Kayihura’s road to freedom was even marked with an important milestone, on Feb.04. That is when he would appear again before the Military Court Martial at Makindye military barracks in Kampala on three charges; failure to protect war materials, aiding and abetting kidnap, and illegal repatriation of Rwandese exiles. The Court Martial is yet to give a hearing date for the case and Kayihura appears at every beginning of month as part of the terms for his bail.
The same court was set to decide on the bail applications of Kayihura’s co-accused; Herbert Muhangi, the former commander of the defunct Flying Squad Unit and that of Col. Ndahura Atwooki, the former director crime intelligence. Both officers have been under military detention since when CMI arrested them together with Richard Ndaboine, the former head of cyber intelligence. They are also facing charges of failure to protect war materials, aiding the kidnap, and illegal repatriation of Rwandan nationals.
But, The Independent can exclusively report, that Kayihura is not free to travel around as was assumed and new charges again him are being prepared by the Internal Security Organisation (ISO) and the Chieftaincy of Military Intelligence (CMI).

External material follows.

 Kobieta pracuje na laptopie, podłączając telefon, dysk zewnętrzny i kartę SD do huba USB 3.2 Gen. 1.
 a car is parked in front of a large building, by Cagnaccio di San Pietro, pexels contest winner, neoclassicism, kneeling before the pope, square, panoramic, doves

Details remain scanty but The Independent has learnt that the intelligence bodies are now investigating Kayihura over allegations that he instructed Herbert Muhangi to work with Congolese to steal vehicles from Uganda to sell them in DR Congo and raise Shs200 million per month for an unstated purpose.
Apparently, the security organs have Congolese who are ready to confess that Kayihura, through Muhangi, was working with them.
In another charge, the security agencies allege that Kayihura instructed Abdul Kitatta; the jailed former head of the defunct Boda Boda 2010 to kill people with machetes in Kampala and its suburbs. The goal was allegedly to discredit President Yoweri Museveni’s record on security.
Kitatta and 12 others were remanded to Kigo prison in January last year by the army’s Unit Disciplinary Court over charges of failure to protect war material, being in possession of military stores, among others, following their arrest the same month.
Connecting Kitatta and Kayihura to gangs that used machetes to kill people is a major accusation. The machete wielding gangs sent shock waves across central Uganda in 2017 forcing police to carry out a sting and arrest scores, some of who claimed they were working with police.
The killings by these gangs caused a security crisis that saw President Museveni instruct CMI to take over many police functions including arresting and detaining police officers accused of working with criminal elements.